### [Entries supplied]
◇ ◇ ◇ ◇ ◇ ◇ ◇

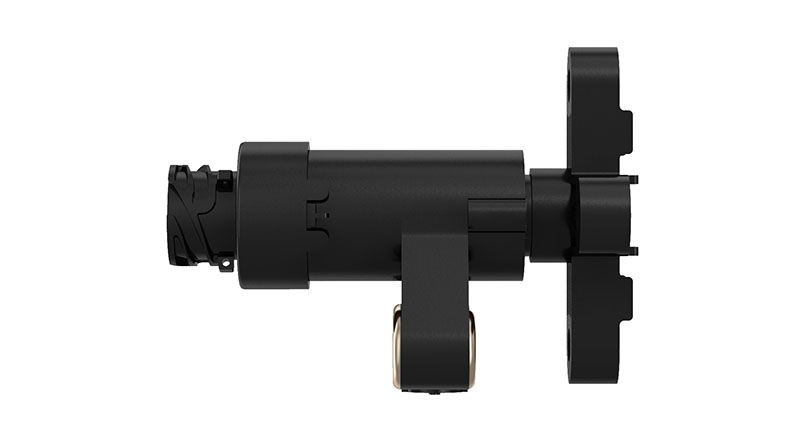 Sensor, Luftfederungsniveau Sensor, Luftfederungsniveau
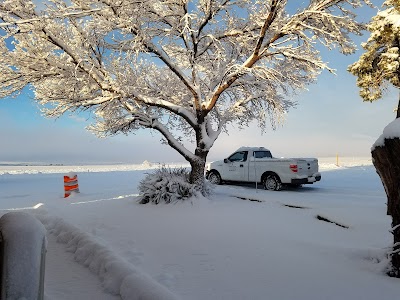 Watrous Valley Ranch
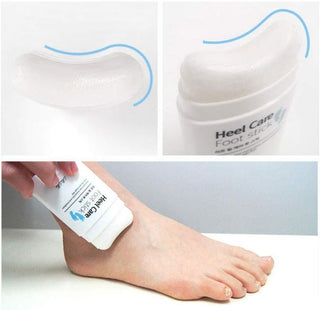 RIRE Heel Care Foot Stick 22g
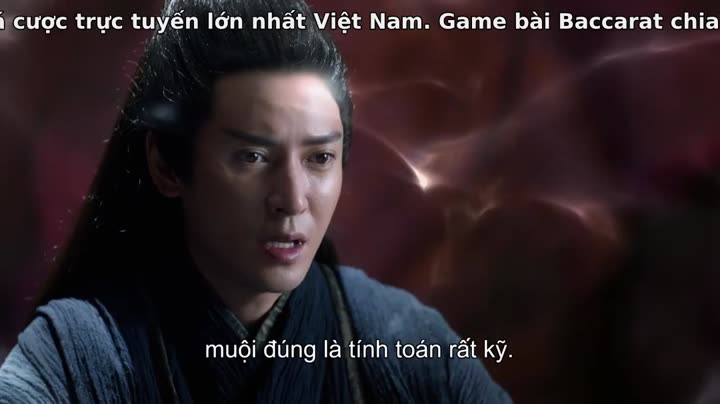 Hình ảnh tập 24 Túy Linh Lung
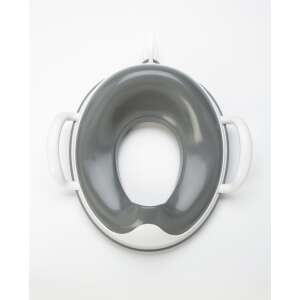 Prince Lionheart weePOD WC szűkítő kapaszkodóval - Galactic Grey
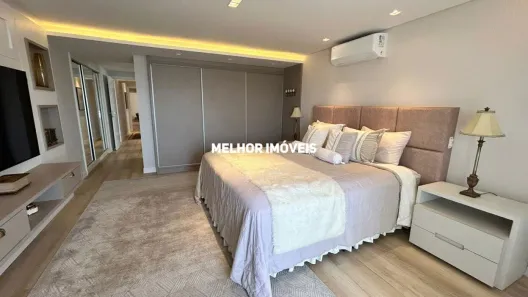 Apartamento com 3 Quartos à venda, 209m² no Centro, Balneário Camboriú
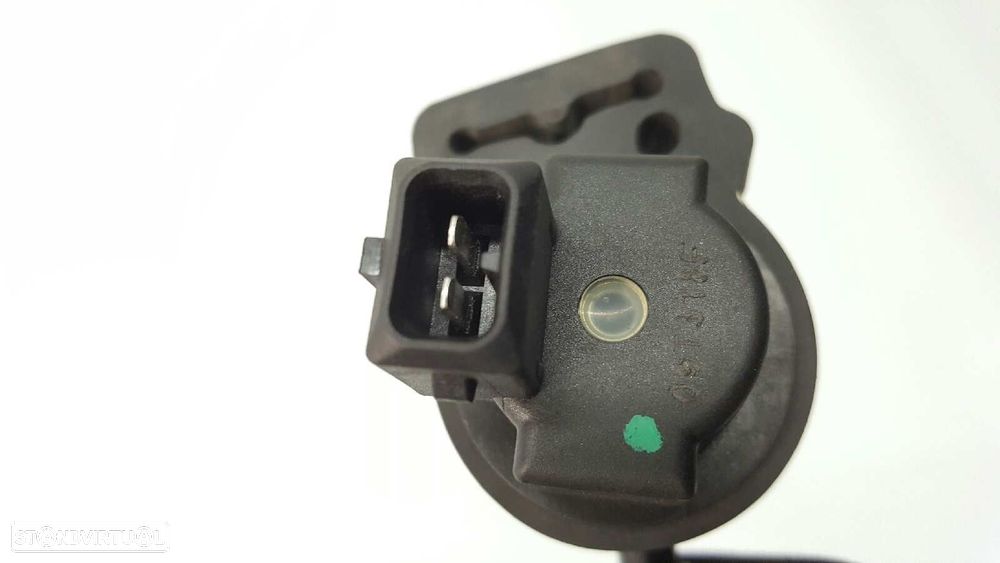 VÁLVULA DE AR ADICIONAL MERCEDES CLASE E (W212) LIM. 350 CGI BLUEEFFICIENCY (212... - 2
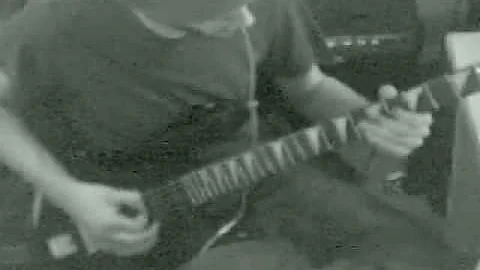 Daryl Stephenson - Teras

◇ ◇ ◇ ◇ ◇ ◇ ◇

### [Work instruction]
No picture is to be included when the lines from the one containing "Prince Lionheart weePOD" through the end of the material above are output exactly; nothing else is written.

### [Written reply]
 Prince Lionheart weePOD WC szűkítő kapaszkodóval - Galactic Grey
 Apartamento com 3 Quartos à venda, 209m² no Centro, Balneário Camboriú
 VÁLVULA DE AR ADICIONAL MERCEDES CLASE E (W212) LIM. 350 CGI BLUEEFFICIENCY (212... - 2
 Daryl Stephenson - Teras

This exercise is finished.